A new paper from U.K. researchers makes what is, to most, a startling assertion: Alzheimer’s disease can apparently be transmitted, in extremely rare and limited circumstances.

Five people—now middle-aged adults—appear to have contracted the disease from medical procedures in the late 1950s through mid-1980s. The growth-hormone deficient individuals, then children, received donor hormone from cadavers whose brains apparently contained infectious, misfolded proteins that lead to often-fatal neurodegenerative disease.

Some of the 1,848 patients who received cadaver hormone developed Creutzfeldt-Jakob disease (CJD), a rare but always fatal brain disorder caused by a type of prion known as PrP-amyloid plaques. Researchers eventually realized that some such patients had also developed shockingly early deposits of misfolded amyloid-beta plaques, which help fuel Alzheimer’s disease. 

Suspicious of the cadaver hormone, researchers injected it—which had been stored for decades—into the brains of mice. Not surprisingly, the mice also developed amyloid-beta plaques in their brains. Eventually, they suggested, cadaver growth-hormone recipients who didn’t contract fatal CJD caused by one type of misfolded protein might eventually develop Alzheimer’s disease, caused by another.

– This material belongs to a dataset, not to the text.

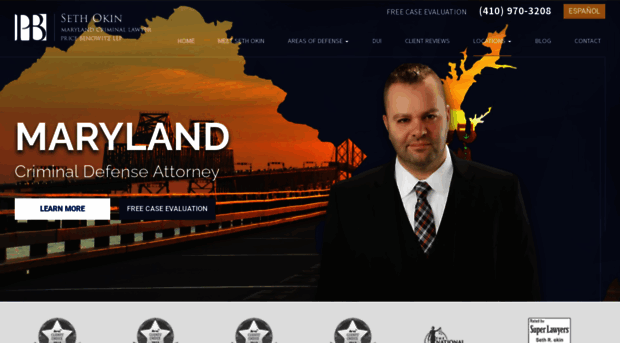 criminallawyermaryland.net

Some patients eventually did, at an unusually young age—between 39 and 55, suggesting that they didn’t acquire sporadic cases of the disease that tend to develop in old age. Genetic sequencing failed to reveal genetic errors known to predisposed patients to the disorder. It’s assumed they developed the disease from the contaminated growth hormone, making the case for the transmissibility of what has long been considered a chronic but non-infectious disease.

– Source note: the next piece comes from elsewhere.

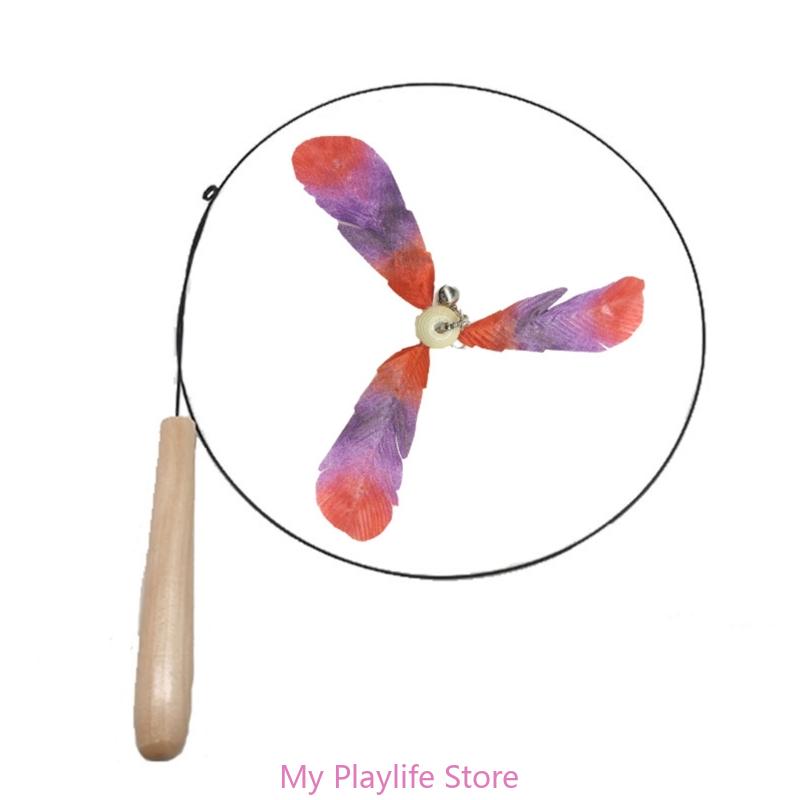 

Ручная игрушка-палочка для кошек, игрушка-дразнилка для кошек, игрушка-палочка для домашних кошек, игрушка-дразнилка для кошек, скука, игрушка-перо для кошек, игрушка для домашних котят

Similar diseases, similar causes

The new study, published this week in Nature Medicine, highlights a divisive discussion among doctors. Rare neurodegenerative diseases involving the initially identified type of misfolded protein, PrP-amyloid plaques—like the so-called “mad cow disease” in cows, “chronic wasting disease” in deer, and CJD in humans—are called prion diseases.

Should other misfolded proteins—like amyloid-beta plaques and tau tangles, which fuel Alzheimer’s disease—be considered prions too? And if so, aren’t those diseases prion diseases as well?

Yes, some experts would say. Others disagree, calling such conditions “prion like,” afraid of alarming the public about the potential for transmission, although incredibly slight.

It’s an interesting and illuminating debate. Here’s what you need to know about the incredibly rare and exotic prion diseases, which hold uncomfortable similarities with other neurodegenerative conditions we’ve become so accustomed to.

What are prions?

Stated simply, prions are infectious proteins that are misshapen, and that somehow—by mechanisms yet unknown—cause other proteins they encounter to become misshapen as well. 

Until recently, it was thought that only organisms like viruses, bacteria, fungi, and parasites were able to cause infections. In the 1980s, however, neurologist and biochemist Dr. Stanley Prusiner realized that proteins could cause infections too. In 1997, he won a Nobel Prize for the discovery.

What are prion diseases?

Classic prion diseases occur when PrP prions cascade, infecting other prions and causing them to malfunction. The prions accumulate into toxic clumps that damage the brain and eventually lead to death.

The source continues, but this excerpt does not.